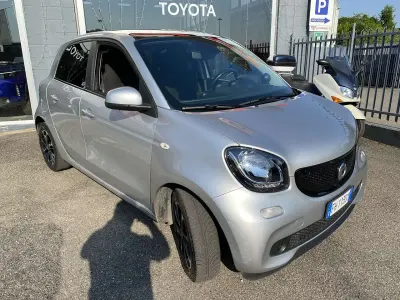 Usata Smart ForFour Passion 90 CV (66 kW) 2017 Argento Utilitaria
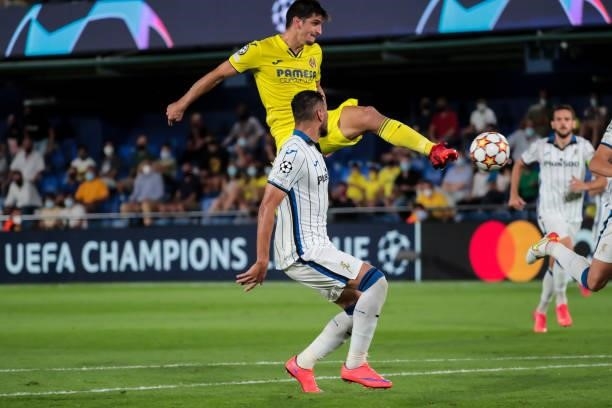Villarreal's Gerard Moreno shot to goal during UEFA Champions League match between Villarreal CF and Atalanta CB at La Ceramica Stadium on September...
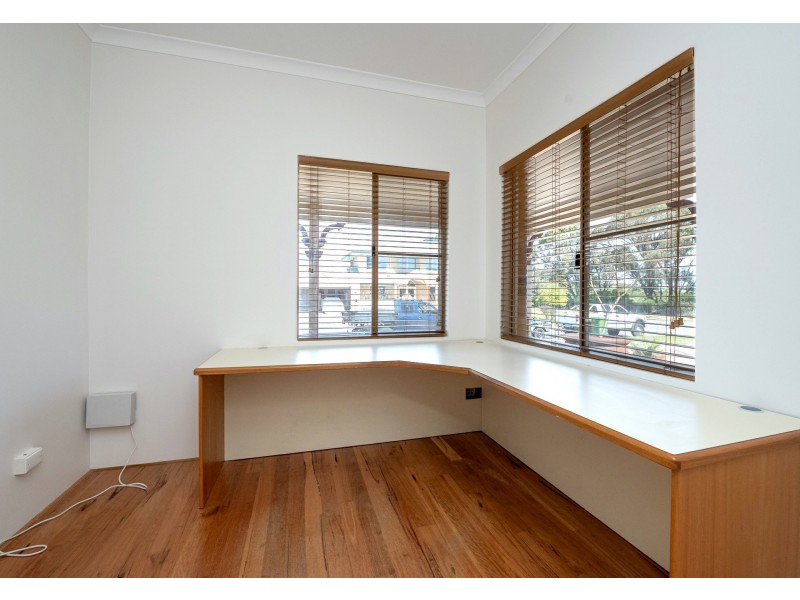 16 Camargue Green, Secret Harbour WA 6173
--------------------------------------------------
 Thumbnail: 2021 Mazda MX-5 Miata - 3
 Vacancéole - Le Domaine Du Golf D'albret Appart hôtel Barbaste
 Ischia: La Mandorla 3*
--------------------------------------------------
In the entries above, one line contains "Thumbnail: 2021 Mazda MX-5 Miata - 3" and another contains "Ischia: La Mandorla 3*". Reproduce exactly those two lines and the lines between them, nothing else.

TASK SOLUTION:
 Thumbnail: 2021 Mazda MX-5 Miata - 3
 Vacancéole - Le Domaine Du Golf D'albret Appart hôtel Barbaste
 Ischia: La Mandorla 3*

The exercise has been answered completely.